Bulgarian and Spanish judicial and law enforcement authorities, working in close co-operation with Eurojust and Europol’s European Cybercrime Centre (EC3), have taken down a Bulgarian organised crime group suspected of a variety of crimes including payment card fraud, burglary, drug trafficking and illicit vehicle trafficking.
Three action days have resulted in 25 arrests and 21 house searches in Spain and Bulgaria, European police agency Europol said on February 21.
The modus operandi of the criminal group and their affiliates was to harvest financial data from ATMs in Spain and other EU countries to create fake credit or debit cards.
These cards were then used to withdraw large amounts of cash from ATMs both within and outside the European Union.
The first action day in October 2013 in eastern Spain led to the arrest of six individuals, all of whom are still in custody, and three house searches.
Law enforcement authorities seized 15 devices used to copy PINs, more than 10 devices to record the information onto credit/debit card magnetic strips, several laptops, and documents plotting ATM locations.
Another branch of the criminal group was dismantled during the second action day on January 16 2014, resulting in 16 arrests plus the searching of 14 houses and two companies.
Items seized included 19 mobile telephones, 21 debit cards, several laptops and other electronic devices including those designed to commit skimming offences.
The operation was carried out via an operational coordination centre at Eurojust, led by Eurojust’s Spanish and Bulgarian Desks.
Europol EC3 experts and liaison officers were at the operational centre with a mobile office, which allowed the cross-checking, analysis and exchange of intelligence in real time.
Simultaneously, Europol representatives were deployed to Bulgaria and Spain to support the operation on the ground.

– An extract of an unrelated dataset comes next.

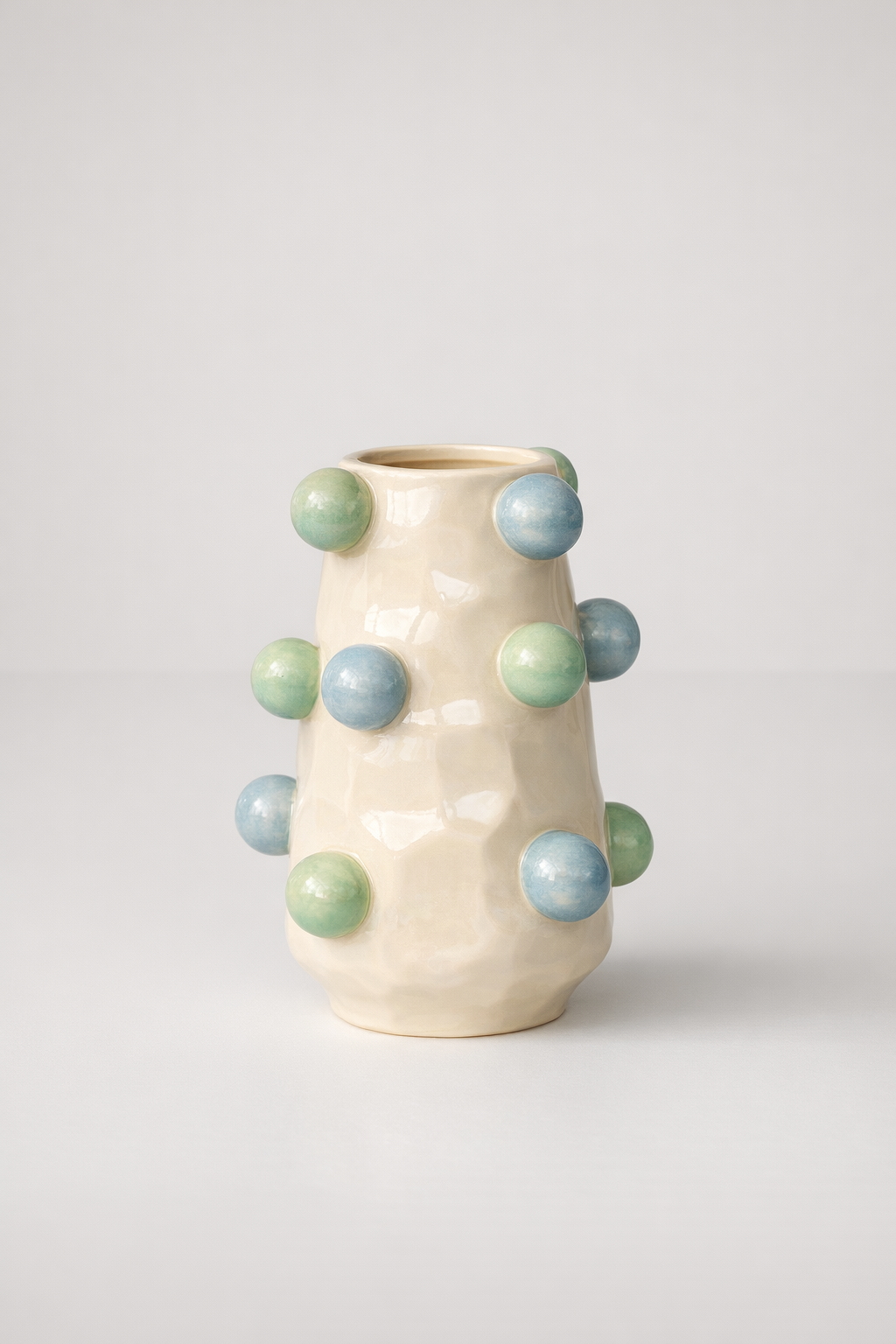 Cream, Blue & Green Vase With Bobbles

The third action day took place on February 6 2014, which saw three arrests and four house searches. Two factories were raided and equipment used for skimming was seized, including blank cards, micro-camera bars and card readers.
The first coordination meeting in April 2013 established a joint investigation team (JIT) between Bulgarian and Spanish authorities, working with Eurojust and Europol. Eurojust provided legal advice as well as funding and essential logistical equipment through its JIT Funding Project.
Europol supported the investigation with operational analysis from the early stages, and funding for further operational meetings in The Hague, Bulgaria and Spain.